- _DATA SHOWN_
.....

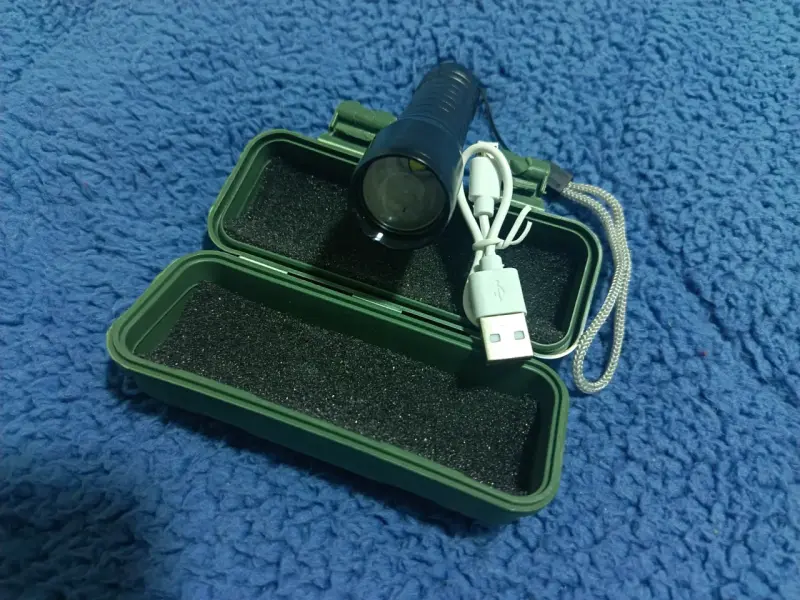 Linterna LED recargable con estuche y cable USB - 3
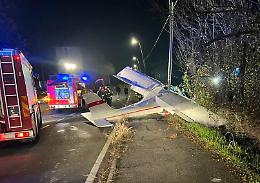 Aereo ultraleggero precipita sulla strada. Un altro si schianta nel campo
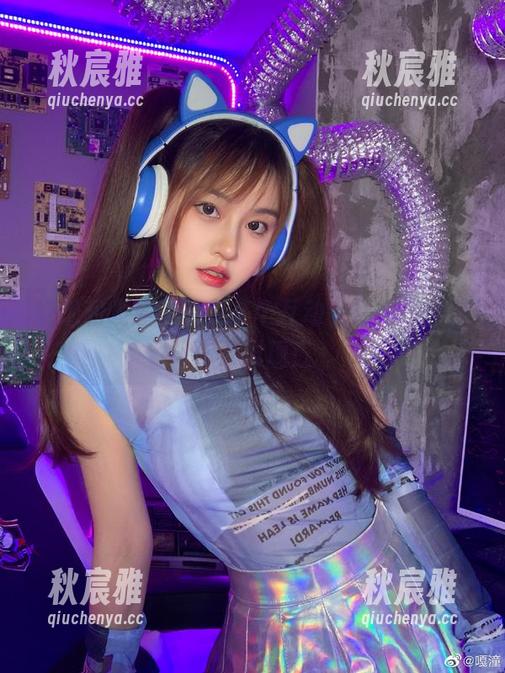 好想和嘎潼的裸足来个互动，福利原图等你来发现！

.....

- _PROBLEM TO WORK ON_
Repeat the data word for word. Skip the pictures.

- _WRITTEN RESPONSE_
 Linterna LED recargable con estuche y cable USB - 3
 Aereo ultraleggero precipita sulla strada. Un altro si schianta nel campo
 好想和嘎潼的裸足来个互动，福利原图等你来发现！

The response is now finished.